Other serotonin 2A blockers are already soundly grouped in the antidepressant category. Those are Mirtazipine, trazodone & nefazodone, maprotiline (Tetracyclic antidepressant). There’s also Cyproheptadine – an antihistamine that also blocks the serotonin2 family of receptors. Cyproheptadine has a two small study in depression, as well as small studies for nightmares, sexual dysfunction, akathisia, and anorexia, but it causes a lot of fatigue and weight gain so isn’t often used in psychiatric practice.
Further afield is Yokukansan, an herbal medicine used in China and Japan for anxiety and depression that blocks serotonin 2A.
KN: Do any of those antidepressants that block 2A treat psychosis?
CA: Mirtazapine may – it has a few controlled trials in schizophrenia where it improved both positive and negative symptoms. Mirtazapine and trazodone have also been used to treat akathisia.
There are thought to be 3 routes to psychosis:
- Too much dopamine at D2
- Too much serotonin at 2A
- Too much glutamate
And each of these has its own distinct flavor of psychosis.

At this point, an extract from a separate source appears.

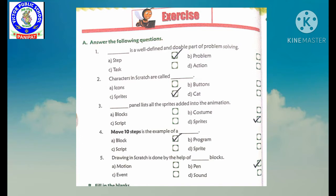Fifth question: drawing in scratch is done by the help of dash blocks. Scratch mein kis ki help se hum draw kar sakte hain? Our options are: A. Motion, B. Pen, C. Event, or D. Sound. Hum B. Pen pe tick karenge, because jo bhi hum kuch draw karna hota hai woh hum pen block ki help se draw kar sakte hain.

Serotonergic hallucinations are seen with psychedelic drugs like LSD, mescaline, and psilocybin (, MDMA, DOI (dimethoxy-4-iodoamphetamine)). They tend to be visual and dream-like in nature, and the person usually has some awareness that they are hallucinations and are not real. Dopaminergic hallucinations tend to be more life-like and crisp – people usually believe they are real.
Now, it’s rare to see these in pure form, because there’s often an overlap of mechanisms. LSD affects serotonin and dopamine, and Ketamine causes psychosis through serotonin 2A and glutamate, and for people with schizophrenia it looks like all 3 mechanisms are contributory: serotonin, dopamine, and glutamate.
But activation of serotonin 2A does not simply cause psychosis. Here’s where the picture gets more nuanced. It can cause mystical, out of body experiences. 2A is implicated in our sense of self and personal meaning. When people take psilocybin or LSD they can have intense spiritual experiences – and they ascribe deep personal relevance to otherwise meaningless objects and events. A bookshelf they are sitting next to can feel like it contains all the wisdom that the world has to offer, and a bowl of grapes can tell you something deeply personal about the finite nature of existence. We see a similar phenomenon in schizophrenia – ideas of reference – where the patient feels they are getting personal messages from the TV or media.
KN: The way you describe them reminds me of sleep paralysis. Are these dream-like hallucinations of serotonin 2A related to real dreams.
CA: It’s been speculated that they are. Sleep paralysis happens when people partially wake up before the paralysis of their muscles – that helpful paralysis that keeps us from acting out our dreams ─ wears off. The result is dreaming while awake. Typically the patient has intense visual hallucinations like of aliens or ghosts – its often frightening – and indeed the serotonergic hallucinations of psychedelics are also frightening. Serotonin is involved in waking and arousal. The orexin neurons excite serotonin-producing neurons that in turn promote cortical arousal.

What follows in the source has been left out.